The best way to do this is to use a container that is internally synchronized. TBB and Microsoft's concurrent_queue do this. Anthony Williams also has a good implementation on his blog here
Others have already suggested lock-free alternatives, so I'll answer as if you were stuck using locks...
When you modify a list, existing iterators can become invalidated because they no longer point to valid memory (the list automagically reallocates more memory when it needs to grow). To prevent invalidated iterators, you could make the producer block on a mutex while your consumer traverses the list, but that would be needless waiting for the producer.
Life would be easier if you used a queue instead of a list, and have your consumer use a synchronized queue<Info>::pop_front() call instead of iterators that can be invalidated behind your back. If your consumer really needs to gobble chunks of Info at a time, then use a condition variable that'll make your consumer block until queue.size() >= minimum.

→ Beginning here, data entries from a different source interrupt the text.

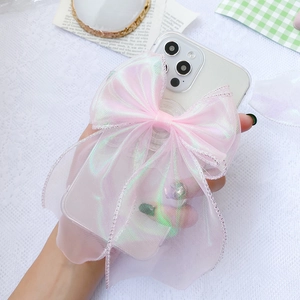 Detailed close-up of pink organza ribbon bow on a clear phone case with pearlescent finish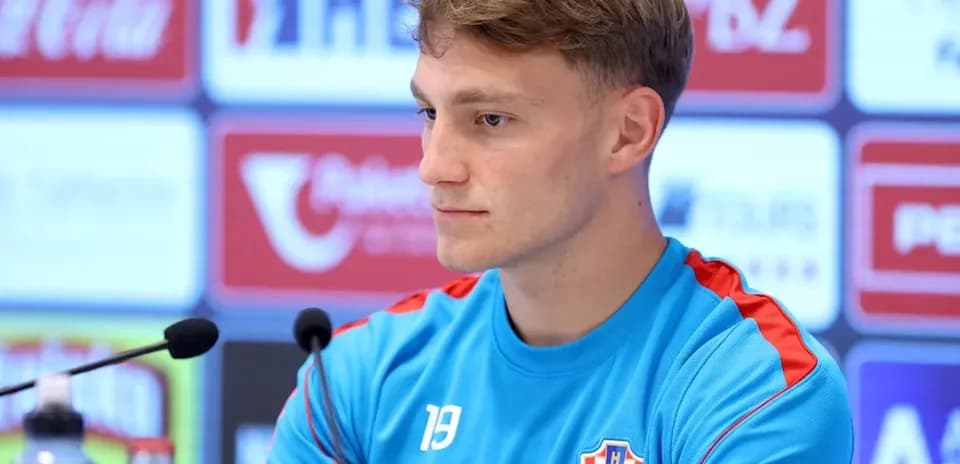 Player at press conference with team jersey on
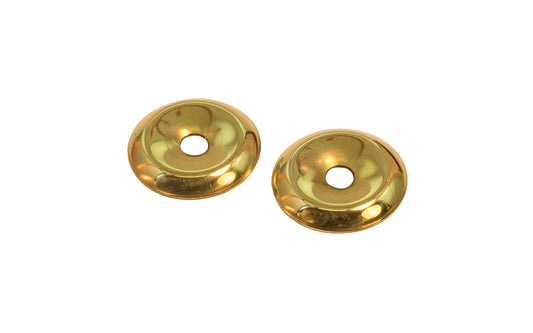 A stamped brass 7/8" diameter backplate with a small cup in the center. These finishing washers serve as back plates for knobs, bail sets etc. Sold as one pair.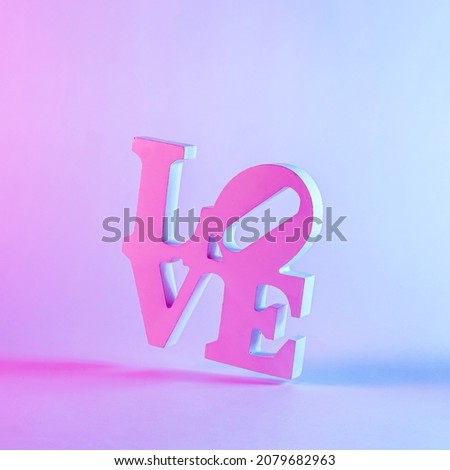 Close-up of a 3d love word with shadow against pastel purple background as romantic greeting card or symbol for dating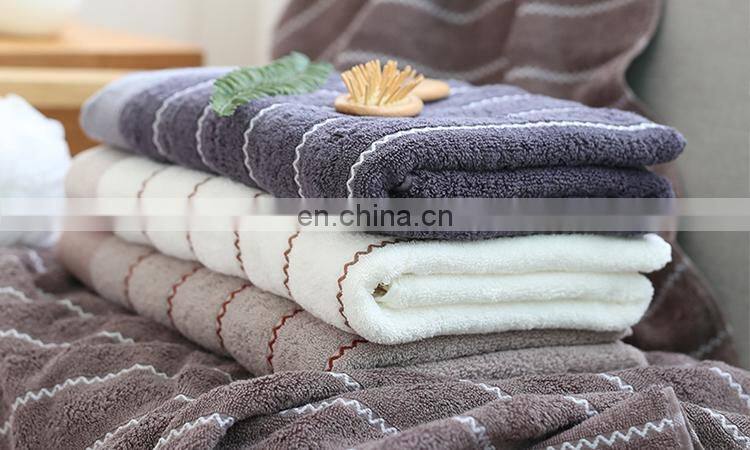 Yiwu factory high quality cozy textile water ripple design jacquard textile bath towel 70x140CM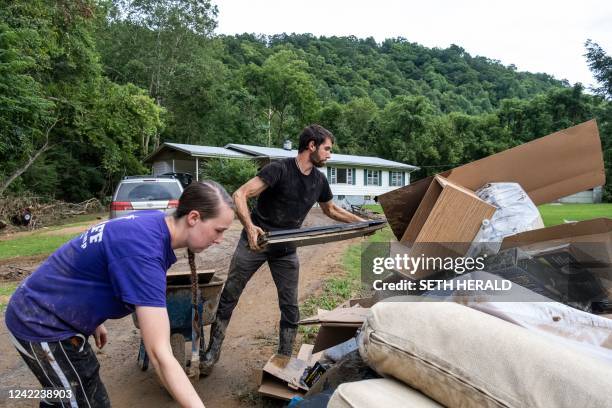 Young couple in Squabble Creek, Kentucky, near Buckhorn, removes items damaged by water from their home following historic flooding in Eastern...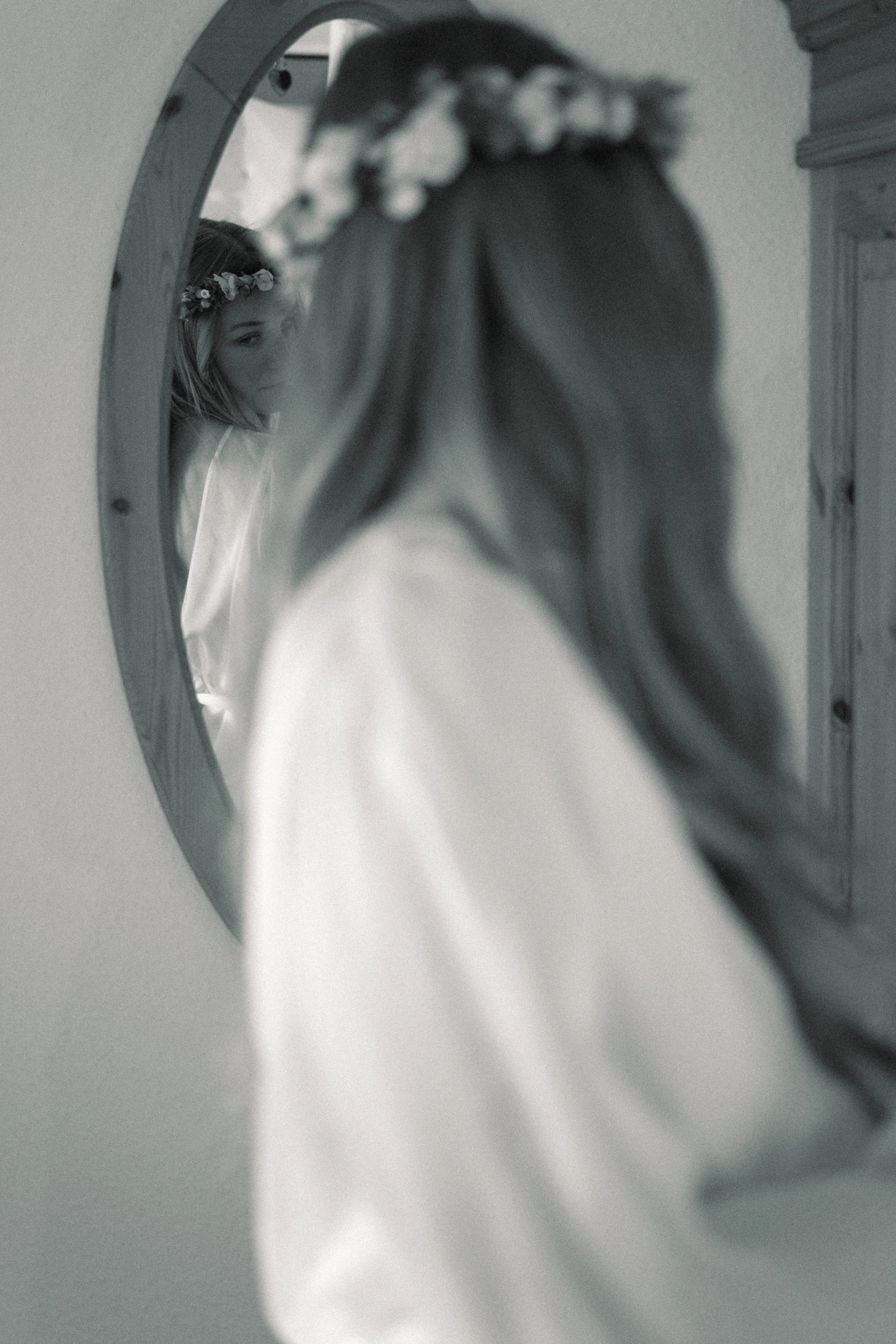 A woman with long hair and a floral headband looks at her reflection in an oval mirror, capturing her face in the reflection while her back faces the camera. The photo is in black and white.
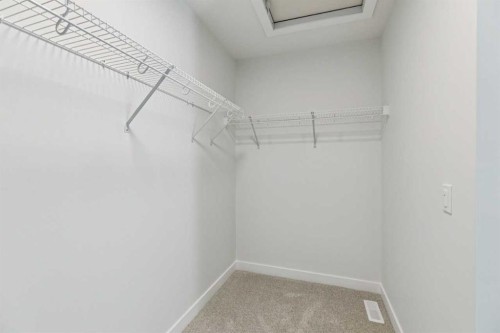 64 Creekstone Manor Sw, Calgary, AB - Indoor With Storage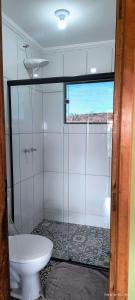 a bathroom with a toilet and a glass shower at Chalé estrela do cruzeiro in São Thomé das Letras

The Boost library has a nice portable implementation of condition variables (that even works with older versions of Windows), as well as the usual threading library stuff.
For a producer-consumer queue that uses (old-fashioned) locking, check out the BlockingQueue template class of the ZThreads library. I have not used ZThreads myself, being worried about lack of recent updates, and because it didn't seem to be widely used. However, I have used it as inspiration for rolling my own thread-safe producer-consumer queue (before I learned about lock-free queues and TBB).
A lock-free queue/stack library seems to be in the Boost review queue. Let's hope we see a new Boost.Lockfree in the near future! :)
If there's interest, I can write up an example of a blocking queue that uses std::queue and Boost thread locking.
EDIT:
The blog referenced by Rick's answer already has a blocking queue example that uses std::queue and Boost condvars. If your consumer needs to gobble chunks, you can extend the example as follows:
void wait_for_data(size_t how_many)
{
boost::mutex::scoped_lock lock(the_mutex);
while(the_queue.size() < how_many)
{
the_condition_variable.wait(lock);
}
}
You may also want to tweak it to allow time-outs and cancellations.
You mentioned that speed was a concern. If your Infos are heavyweight, you should consider passing them around by shared_ptr. You can also try making your Infos fixed size and use a memory pool (which can be much faster than the heap).
As you mentioned that you don't care if your iterating consumer misses some newly-added entries, you could use a copy-on-write list underneath. That allows the iterating consumer to operate on a consistent snapshot of the list as of when it first started, while, in other threads, updates to the list yield fresh but consistent copies, without perturbing any of the extant snapshots.
The trade here is that each update to the list requires locking for exclusive access long enough to copy the entire list. This technique is biased toward having many concurrent readers and less frequent updates.
Trying to add intrinsic locking to the container first requires you to think about which operations need to behave in atomic groups. For instance, checking if the list is empty before trying to pop off the first element requires an atomic pop-if-not-empty operation; otherwise, the answer to the list being empty can change in between when the caller receives the answer and attempts to act upon it.
It's not clear in your example above what guarantees the iteration must obey. Must every element in the list eventually be visited by the iterating thread? Does it make multiple passes? What does it mean for one thread to remove an element from the list while another thread is running DoAction() against it? I suspect that working through these questions will lead to significant design changes.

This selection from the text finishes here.